*Problem requirements*:
In these entries, tally the lines where "eyes" occurs. Respond with only the count.

*Supplied information*:
****************
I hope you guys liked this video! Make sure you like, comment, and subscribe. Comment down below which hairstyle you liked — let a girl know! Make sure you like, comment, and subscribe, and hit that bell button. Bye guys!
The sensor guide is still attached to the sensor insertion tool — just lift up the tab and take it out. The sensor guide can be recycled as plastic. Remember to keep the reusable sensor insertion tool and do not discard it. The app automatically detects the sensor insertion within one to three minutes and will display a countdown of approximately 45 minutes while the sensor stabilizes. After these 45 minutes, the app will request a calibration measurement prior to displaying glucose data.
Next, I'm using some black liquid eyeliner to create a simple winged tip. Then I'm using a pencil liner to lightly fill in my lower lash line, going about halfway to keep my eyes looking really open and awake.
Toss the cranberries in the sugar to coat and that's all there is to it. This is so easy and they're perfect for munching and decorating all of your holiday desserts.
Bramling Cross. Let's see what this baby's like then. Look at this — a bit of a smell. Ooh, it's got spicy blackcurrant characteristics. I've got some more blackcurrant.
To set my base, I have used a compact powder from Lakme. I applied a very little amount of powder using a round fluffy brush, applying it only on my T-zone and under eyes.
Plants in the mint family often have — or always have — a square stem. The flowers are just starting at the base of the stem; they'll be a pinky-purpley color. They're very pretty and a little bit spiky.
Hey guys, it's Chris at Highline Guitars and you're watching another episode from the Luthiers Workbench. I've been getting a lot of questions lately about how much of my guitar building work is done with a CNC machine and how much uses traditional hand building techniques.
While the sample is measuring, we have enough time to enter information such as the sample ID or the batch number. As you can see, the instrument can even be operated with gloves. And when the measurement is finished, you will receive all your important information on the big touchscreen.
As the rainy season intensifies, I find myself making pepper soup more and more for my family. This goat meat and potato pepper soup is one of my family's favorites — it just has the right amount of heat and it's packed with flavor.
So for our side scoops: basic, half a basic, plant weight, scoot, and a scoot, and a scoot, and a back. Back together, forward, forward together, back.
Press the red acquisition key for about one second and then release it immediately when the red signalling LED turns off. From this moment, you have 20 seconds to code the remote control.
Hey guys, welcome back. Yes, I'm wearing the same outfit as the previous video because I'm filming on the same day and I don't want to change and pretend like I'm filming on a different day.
****************
*Answer to this task*:
2